The risperidone-stroke link in dementia is one of the longest-running safety signals in geriatric psychiatry, anchoring the FDA’s 2005 black-box warning on atypical antipsychotic mortality. Popular framing reduces it to “antipsychotics cause stroke in dementia” — a true sentence that flattens a multi-axis decision. Choma’s 2025 analysis of UK primary care records is the largest published evaluation of how that risk distributes by cardiovascular history, and the answer rebalances the discussion: relative risk is similar across subgroups, but absolute risk depends almost entirely on baseline.1

Research Highlights

  • Risperidone increases stroke risk ~28% overall in dementia. In a UK CPRD cohort of 28,403 risperidone users vs. 136,624 matched controls, the 1-year adjusted hazard ratio (HR) was 1.28 (95% CI 1.20–1.37).1
  • Relative risk is similar across CVD and stroke history. HRs sit between 1.22 and 1.44 across all four subgroups. The hypothesis that prior CVD would amplify the relative effect was not supported.1
  • Absolute risk differs by ~4x. 1-year absolute excess stroke risk is 0.80% in patients with no prior stroke vs. 2.95% in those with prior stroke; 0.90% no-CVD vs. 1.52% with CVD.1
  • Risk concentrates in the first weeks. 12-week HRs (1.33 to 1.69) exceed 1-year HRs across every subgroup, consistent with prior literature on antipsychotic stroke timing.1,2
  • “Antipsychotics cause stroke in dementia” flattens the decision. The comparator is rarely “no harm” — severe agitation and psychosis carry their own risks. Choma’s data turn the question into a quantifiable conversation about absolute risk in a specific patient.

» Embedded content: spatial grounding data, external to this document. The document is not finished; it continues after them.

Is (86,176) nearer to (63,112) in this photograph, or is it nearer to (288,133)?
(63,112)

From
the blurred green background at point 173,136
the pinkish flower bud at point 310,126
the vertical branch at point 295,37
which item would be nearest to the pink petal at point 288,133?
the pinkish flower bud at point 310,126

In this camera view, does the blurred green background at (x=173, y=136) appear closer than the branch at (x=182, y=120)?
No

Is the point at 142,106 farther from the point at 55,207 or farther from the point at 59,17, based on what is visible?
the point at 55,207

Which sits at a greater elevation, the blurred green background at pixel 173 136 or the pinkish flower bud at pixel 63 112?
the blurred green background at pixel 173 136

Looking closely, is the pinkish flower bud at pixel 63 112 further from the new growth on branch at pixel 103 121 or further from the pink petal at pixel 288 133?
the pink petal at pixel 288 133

Choma 2025: HR 1.28 Overall, 1.22 to 1.44 Across Subgroups

Choma and colleagues used the Clinical Practice Research Datalink (CPRD) Aurum, a large UK primary-care database linked to hospital and death records, to identify adults diagnosed with dementia after age 65 between 2004 and 2023. They compared 1-year stroke risk in 28,403 new risperidone users and 136,624 propensity-score-matched controls not on any antipsychotic at the index date.1

(A propensity score summarizes how likely a patient is to receive a treatment based on measured baseline traits. Matching on it mimics randomization on those measured variables — though it can’t account for unmeasured ones.)

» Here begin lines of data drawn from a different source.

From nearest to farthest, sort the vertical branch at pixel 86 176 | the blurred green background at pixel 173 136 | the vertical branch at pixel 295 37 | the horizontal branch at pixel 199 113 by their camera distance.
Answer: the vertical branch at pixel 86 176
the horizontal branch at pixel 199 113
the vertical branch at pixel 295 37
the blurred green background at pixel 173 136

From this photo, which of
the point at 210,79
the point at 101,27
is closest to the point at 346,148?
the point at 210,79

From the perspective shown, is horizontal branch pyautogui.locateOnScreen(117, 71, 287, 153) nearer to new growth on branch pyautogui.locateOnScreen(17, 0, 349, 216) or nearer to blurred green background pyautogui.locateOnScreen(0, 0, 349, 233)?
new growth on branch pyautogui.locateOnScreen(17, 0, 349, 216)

The headline finding in the overall cohort:

  • Adjusted HR for stroke at 1 year: 1.28 (95% CI 1.20–1.37).1
  • Stroke incidence: 53.2 per 1,000 person-years on risperidone vs. 40.6 per 1,000 person-years in matched controls.1

The four prespecified subgroup HRs barely move:

  • No stroke history: HR 1.34 (95% CI 1.22–1.48).1
  • Prior stroke: HR 1.23 (95% CI 1.12–1.35).1
  • No CVD history: HR 1.44 (95% CI 1.27–1.62).1
  • CVD history: HR 1.22 (95% CI 1.13–1.33).1

The authors had hypothesized prior CVD would amplify the relative effect — consistent with preclinical work suggesting risperidone interacts directly with cardiovascular biology3 and an earlier secondary RCT analysis suggesting subgroup heterogeneity in cerebrovascular events.11 The data didn’t support that. Point estimates lean slightly the other way, with the largest relative risk in the no-CVD subgroup. CIs overlap; the formal between-subgroup interaction is not statistically distinguishable.1

Forest plot showing risperidone hazard ratios for stroke across CVD and stroke history subgroups in Choma 2025, with absolute risk differences
Hazard ratios cluster near 1.2 to 1.4 regardless of cardiovascular history; the 1-year absolute excess risk varies fourfold depending on baseline cerebrovascular burden.

Why Absolute Risk Tells a Different Story Than Relative Risk

The relative-risk uniformity across subgroups is what makes the absolute-risk variation matter. A 28% increase on a low baseline is small in absolute terms; a 23% increase on a high baseline can be a meaningful jump in stroke probability over a few months.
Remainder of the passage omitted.